Let us start with the UK. How does the debate on the conduct of monetary policy since the election now look? As usual, it is only possible to make definitive judgments on these matters several years after the event, so the following assessment is still very tentative. In my view, there remains a good case for arguing that base rates should have been increased more rapidly in 1997 in order to hit the consumer earlier and to persuade the foreign exchange markets that rates had well peaked before the start of 1998.

However, given that this was not achieved last year, it is no longer clear to me that the hawks on the MPC were right to argue for higher rates in the first half of this year. Without any doubt, Eddie George and DeAnne Julius, who were reluctant to raise rates from February onwards, have had their case strengthened by recent events.

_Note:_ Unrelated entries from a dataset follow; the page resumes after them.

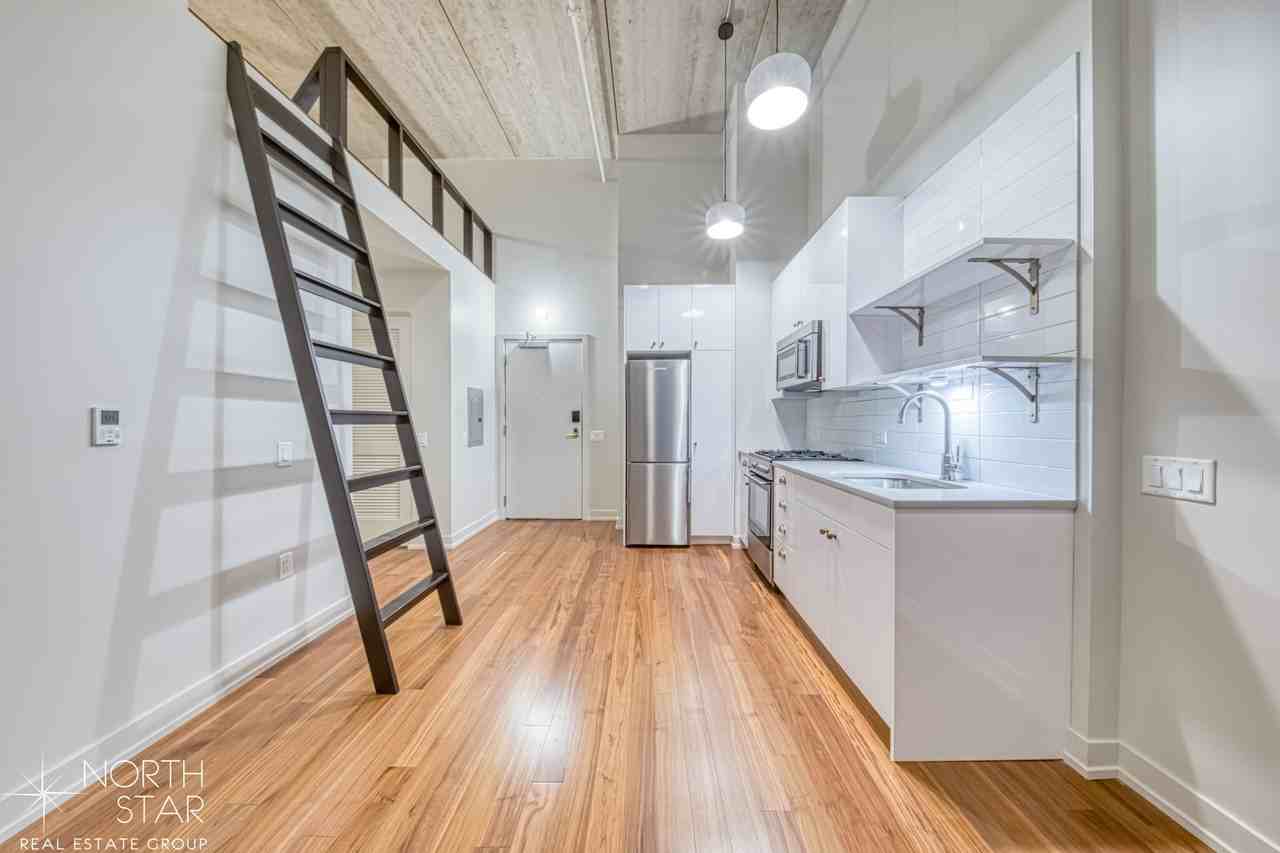 North Lasalle St. & Huron #205 - Photo 4 of 47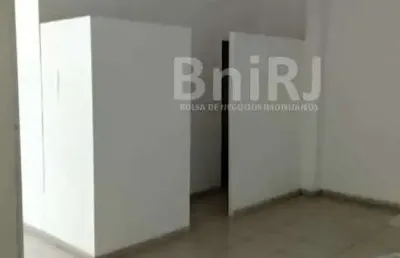 Vendo ou alugo ponto comercial/loja/box à venda em são cristóvão/rj com área de 894m2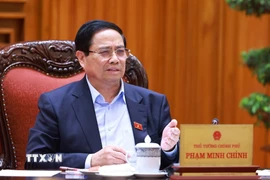 Thủ tướng Phạm Minh Chính chủ trì cuộc họp về tình hình triển khai tuyến đường sắt trọng điểm. (Ảnh: Dương Giang/TTXVN)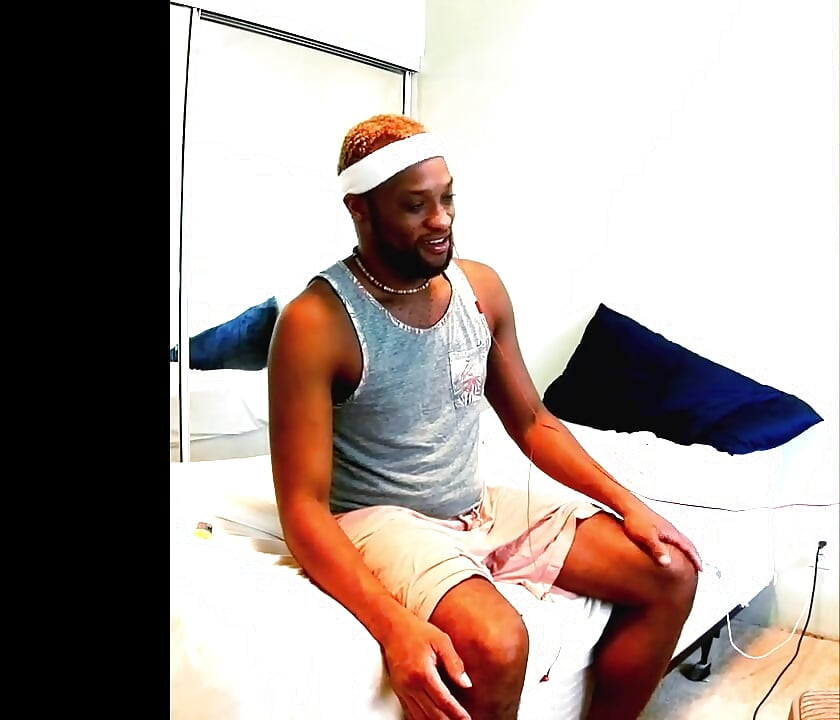 Kennie Jai Beats His Meat!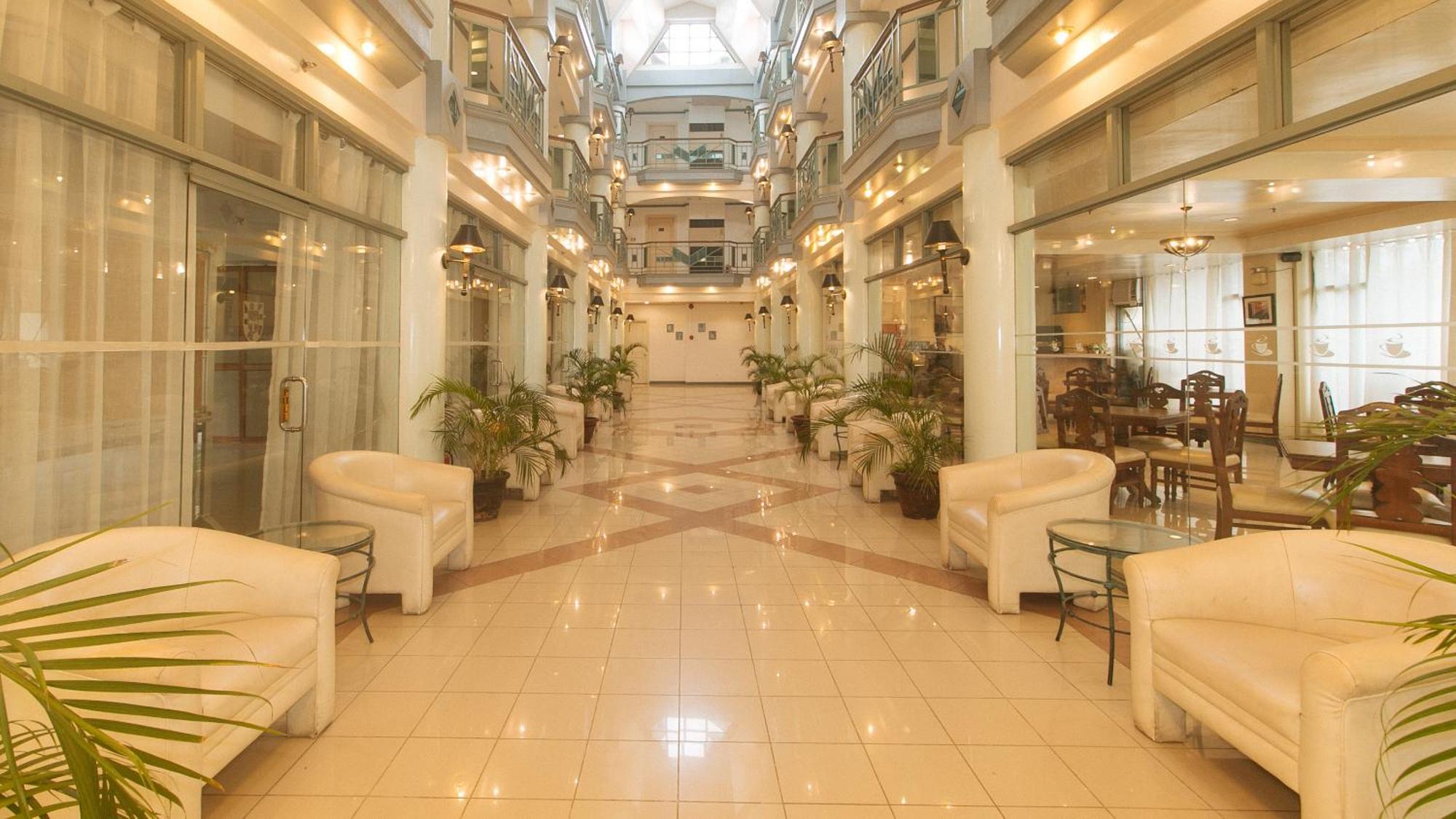 Royal Am Rei Hotel By Reddoorz Bacolod Bagian luar foto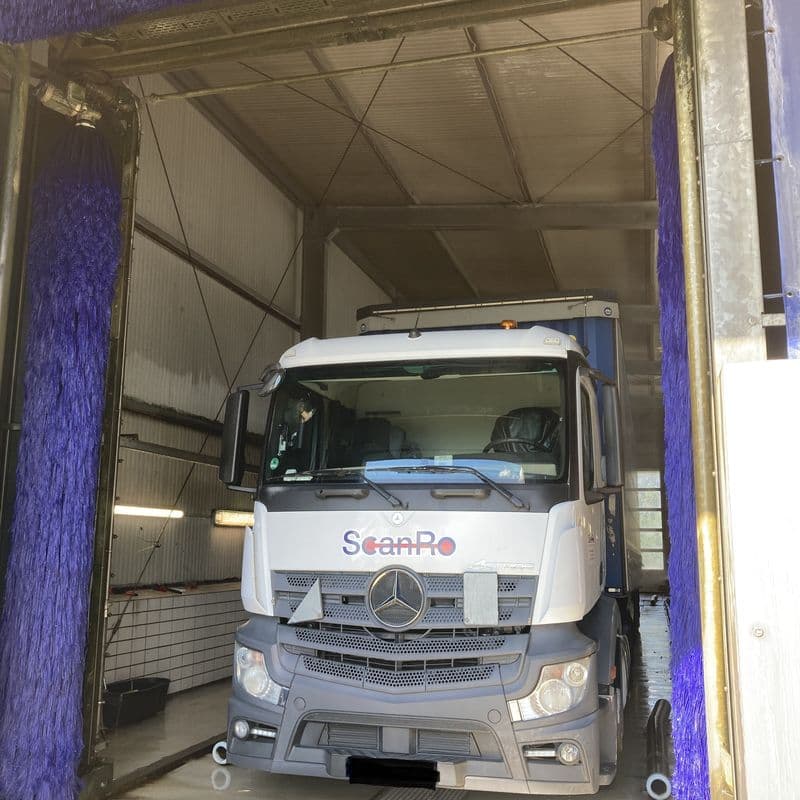 LKW in der ScanRo Truckwash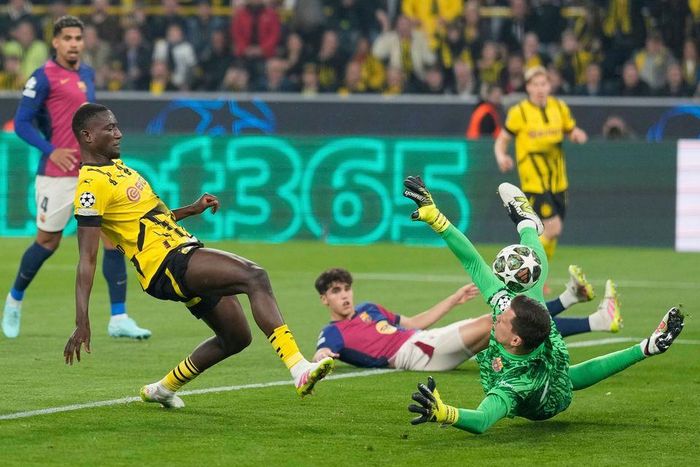 Guirassy đã ghi cả 3 bàn giúp Dortmund thắng Barcelona 3-1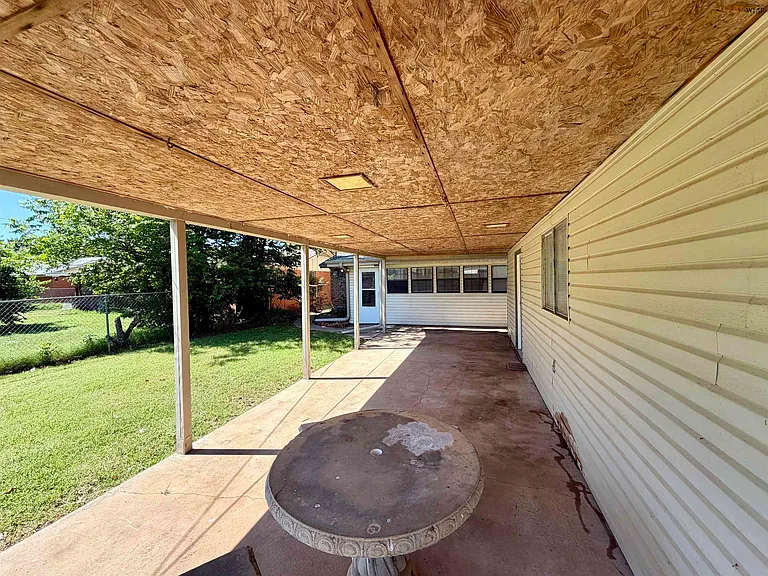 4617 Langford Ln — Photo 13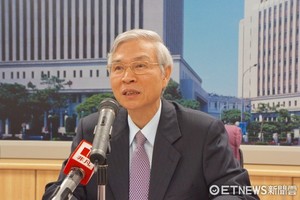 外電控央行操縱匯率　副總裁楊金龍親自澄清：沒有拉尾盤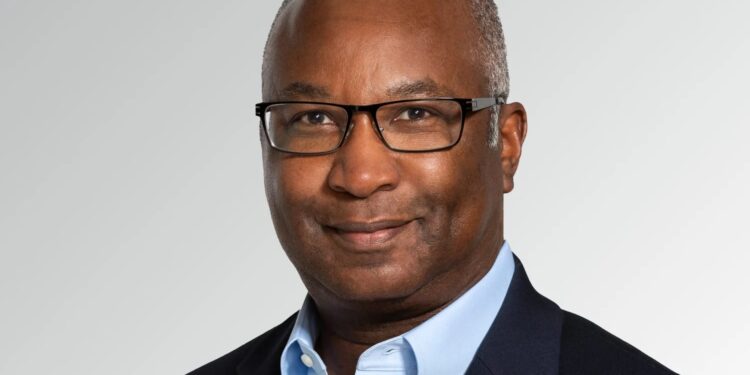 Kohl’s names Michael Bender as permanent CEO after a turbulent year and sales declines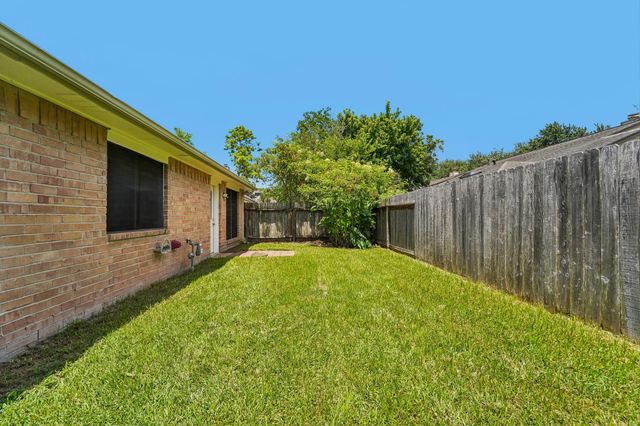 2015 Creek Valley Lane, Sugar Land, TX 77478
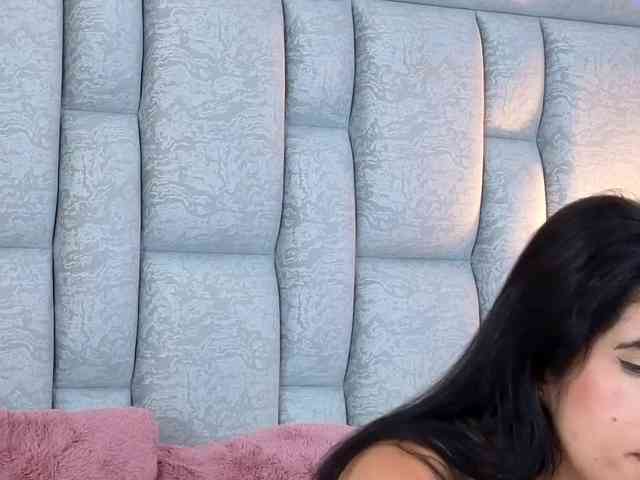 IsisVelvet webcam
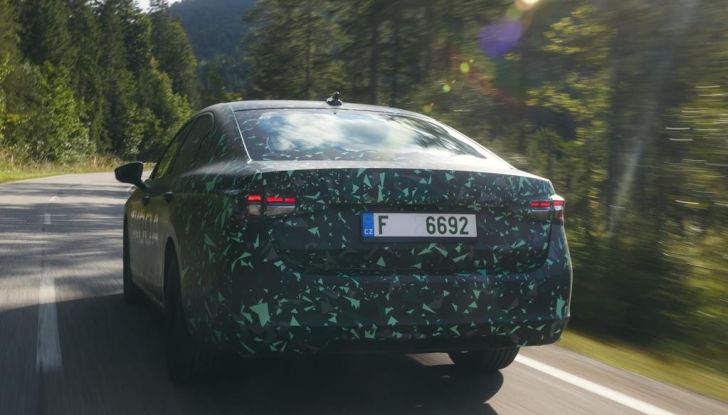Skoda Superb 2024: primo assaggio della berlina di quarta generazione - Foto 9 di 32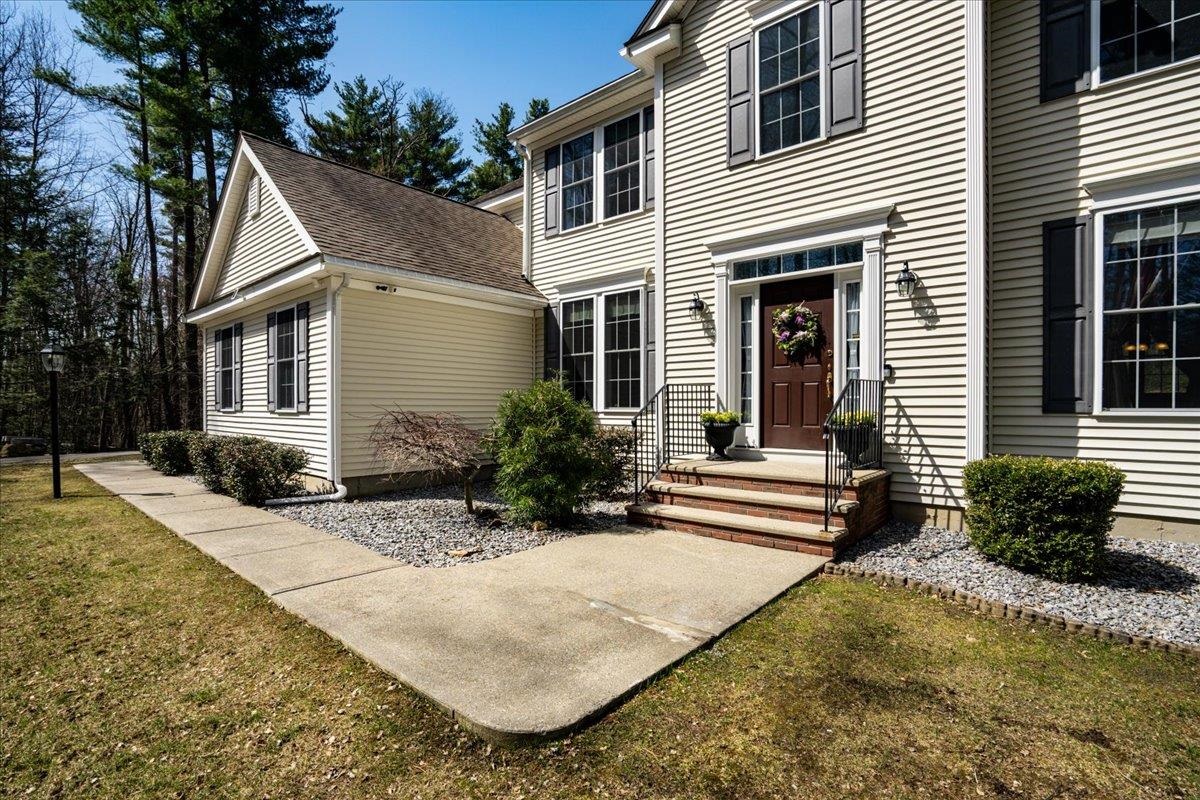 193 New Boston Road Bedford, NH 03110 - Photo 3 of 54 Gallery Image 3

When I last wrote about UK monetary policy a couple of months ago, I said that the case for higher base rates depended on assessment of the relative strength of two conflicting forces.

First, the increase in average earnings suggested that unemployment had fallen below its equilibrium rate, and that this implied that output was running as much as 2 per cent above its normal trend. Output would need to be brought back down to its trend level if inflation were to be controlled, and there was no case for delaying this correction.

Second, however, there was the question of whether output was already embarked on the necessary decline in response to earlier increases in base rates and the strength of the pound.

My conclusion was that output was indeed falling rapidly enough to control inflation on existing policy, so that further base rate increases were not needed. In August, the MPC concurred with this assessment.

Since then, new evidence has emerged on both the key questions outlined above. On the first, latest average earnings figures have been less worrying, and Robin Marris has presented evidence to suggest that much of the earlier rise in earnings was due to bonus payments. If he is right, then it is possible that earnings might decline more rapidly than normal as the economy slows.

Furthermore, the government statisticians are apparently preparing to reduce their previous estimates of GDP growth during the recent upswing by a cumulative 1-2 per cent. This would call into question whether output is as far above trend as had seemed likely on previous figures.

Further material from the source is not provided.